Working data START
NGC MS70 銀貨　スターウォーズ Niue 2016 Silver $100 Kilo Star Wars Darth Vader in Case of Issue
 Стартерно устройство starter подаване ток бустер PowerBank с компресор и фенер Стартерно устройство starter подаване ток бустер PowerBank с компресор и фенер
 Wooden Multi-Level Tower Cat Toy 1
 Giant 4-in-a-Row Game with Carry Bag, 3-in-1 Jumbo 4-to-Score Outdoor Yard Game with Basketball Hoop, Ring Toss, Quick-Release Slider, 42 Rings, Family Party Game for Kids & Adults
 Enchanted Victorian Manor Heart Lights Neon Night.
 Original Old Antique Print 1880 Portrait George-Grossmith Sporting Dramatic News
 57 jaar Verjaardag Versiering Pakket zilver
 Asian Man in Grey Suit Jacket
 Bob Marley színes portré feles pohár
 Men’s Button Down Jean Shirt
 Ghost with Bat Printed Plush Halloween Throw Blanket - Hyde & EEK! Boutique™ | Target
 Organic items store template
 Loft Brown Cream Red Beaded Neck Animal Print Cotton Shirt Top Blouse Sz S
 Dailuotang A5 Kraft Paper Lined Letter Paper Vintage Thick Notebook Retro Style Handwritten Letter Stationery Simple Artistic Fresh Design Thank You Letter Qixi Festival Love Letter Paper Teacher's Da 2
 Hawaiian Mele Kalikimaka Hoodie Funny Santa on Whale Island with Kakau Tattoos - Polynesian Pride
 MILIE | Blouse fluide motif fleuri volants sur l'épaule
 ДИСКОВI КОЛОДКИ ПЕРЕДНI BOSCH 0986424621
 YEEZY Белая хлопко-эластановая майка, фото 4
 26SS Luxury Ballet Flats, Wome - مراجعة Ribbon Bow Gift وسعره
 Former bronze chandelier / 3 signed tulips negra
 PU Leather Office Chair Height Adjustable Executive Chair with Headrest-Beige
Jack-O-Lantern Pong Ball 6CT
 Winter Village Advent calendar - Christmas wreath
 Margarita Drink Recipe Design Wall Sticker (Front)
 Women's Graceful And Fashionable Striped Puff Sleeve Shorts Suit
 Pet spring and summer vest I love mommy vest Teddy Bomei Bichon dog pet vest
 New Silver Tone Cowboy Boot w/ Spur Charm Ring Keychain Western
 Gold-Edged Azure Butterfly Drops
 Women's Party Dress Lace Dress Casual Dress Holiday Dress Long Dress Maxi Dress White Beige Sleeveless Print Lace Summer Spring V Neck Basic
Working data END
■ **Task statement**: Print only the lines from the one with "26SS Luxury Ballet" to the end of the records, both included.

■ **Result for this exercise**:
 26SS Luxury Ballet Flats, Wome - مراجعة Ribbon Bow Gift وسعره
 Former bronze chandelier / 3 signed tulips negra
 PU Leather Office Chair Height Adjustable Executive Chair with Headrest-Beige
Jack-O-Lantern Pong Ball 6CT
 Winter Village Advent calendar - Christmas wreath
 Margarita Drink Recipe Design Wall Sticker (Front)
 Women's Graceful And Fashionable Striped Puff Sleeve Shorts Suit
 Pet spring and summer vest I love mommy vest Teddy Bomei Bichon dog pet vest
 New Silver Tone Cowboy Boot w/ Spur Charm Ring Keychain Western
 Gold-Edged Azure Butterfly Drops
 Women's Party Dress Lace Dress Casual Dress Holiday Dress Long Dress Maxi Dress White Beige Sleeveless Print Lace Summer Spring V Neck Basic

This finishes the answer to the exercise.